More portable, fully wireless smart home setups; lower power wearables; batteryless smart devices, could all be made possible with this new ultra-low power Wi-Fi radio. It is housed in a chip smaller than a grain of rice, which was developed by electrical engineers at the University of California San Diego.
The device enables Internet of Things (IoT) devices to communicate with existing Wi-Fi networks using 5000 times less power than today’s Wi-Fi radios — just 28 microwatts. And it does so while transmitting data at a rate of 2 megabits per second, a connection fast enough to stream music and most YouTube videos.
“You can connect your phone, your smart devices, even small cameras or various sensors to this chip, and it can directly send data from these devices to a Wi-Fi access point near you. You don’t need to buy anything else. And it could last for years on a single coin cell battery,” said Dinesh Bharadia, a professor of electrical and computer engineering at the UC San Diego Jacobs School of Engineering.
Commercial Wi-Fi radios typically consume hundreds of milliwatts to connect IoT devices with Wi-Fi transceivers.

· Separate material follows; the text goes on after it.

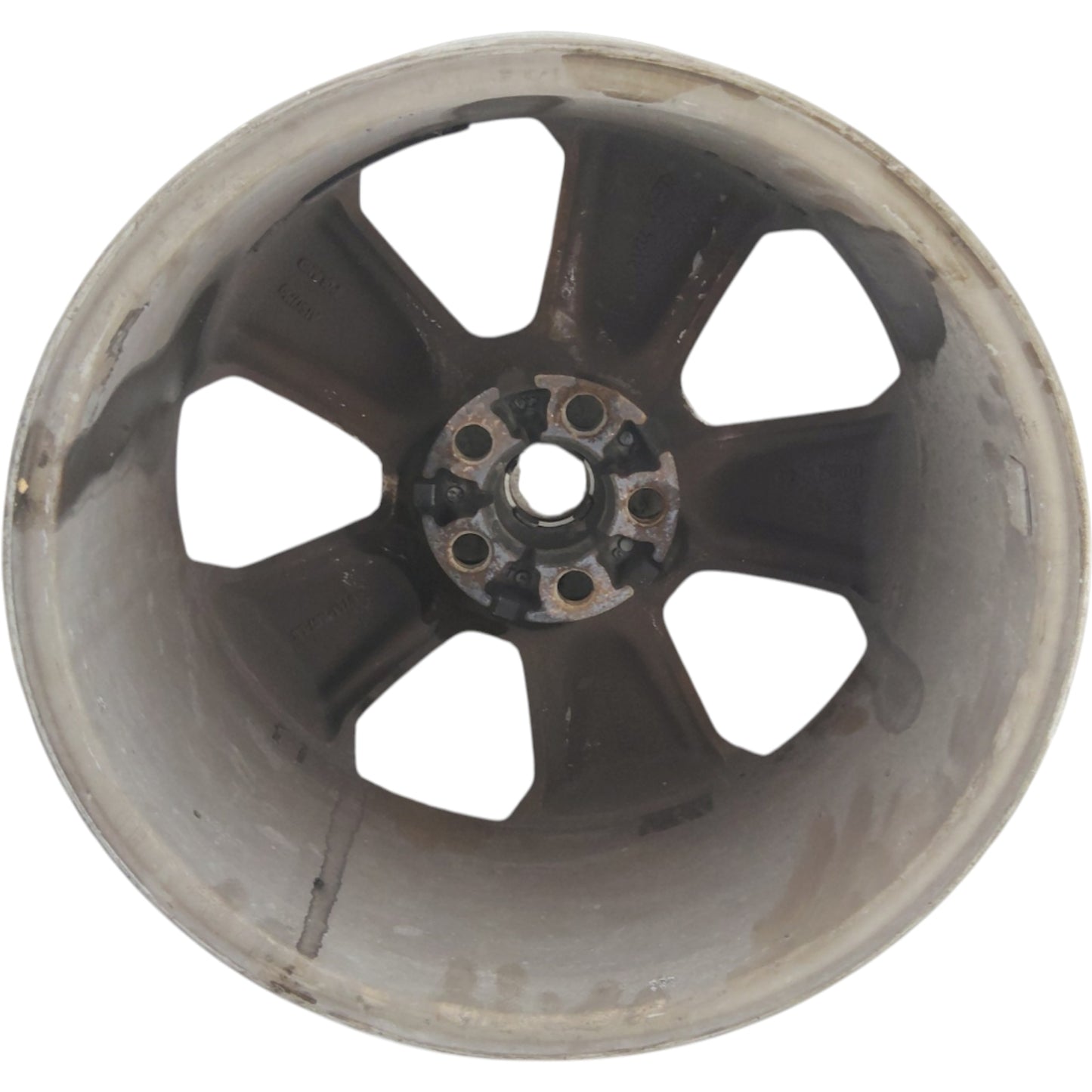 Cerchio in Lega Raggio 18 FORD KUGA 1 Serie 7.5J ET52.5 5 Fori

As a result, Wi-Fi compatible devices need either large batteries, frequent recharging or external power sources to run.
This Wi-Fi radio runs on low enough power that we can now start thinking about new application spaces where you no longer need to plug IoT devices into the wall. This could unleash smaller, fully wireless IoT setups. For example, a portable Google Home device that you can take around the house and can last for years instead of just hours when unplugged.
The Wi-Fi radio runs on extremely low power by transmitting data via a technique called backscattering. It takes incoming Wi-Fi signals from a nearby device (like a smartphone) or a Wi-Fi access point, modifies the signals and encodes its own data onto them, and then reflects the new signals onto a different Wi-Fi channel to another device or access point.

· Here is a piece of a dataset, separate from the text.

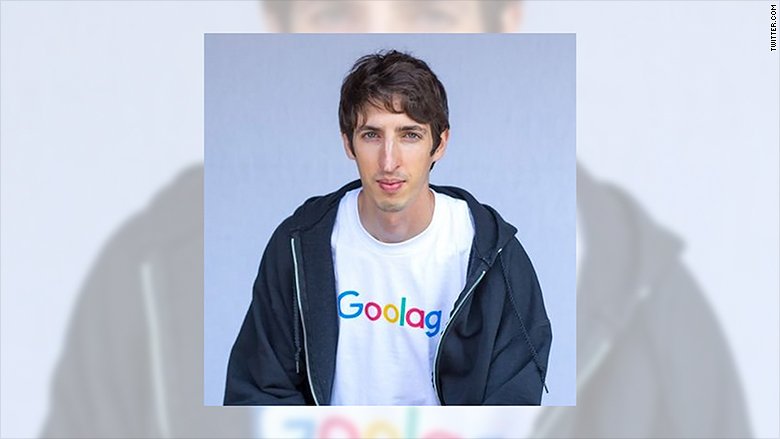 CNN's tweet image. Engineers sue Google, alleging that it discriminates against conservatives, white people and men cnn.it/2DpyB3Y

The researchers accomplished this by building in a component called a wake-up receiver. This “wakes up” the Wi-Fi radio only when it needs to communicate with Wi-Fi signals, so it can stay in low-power sleep mode the rest of the time, during which it consumes only 3 microwatts. It also features a custom integrated circuit for backscattering data, which makes the whole system smaller and more efficient, and thus enables the Wi-Fi radio to operate over a communication range of up to 21 meters. This is a practical distance for operating in a smart home environment, the researchers said.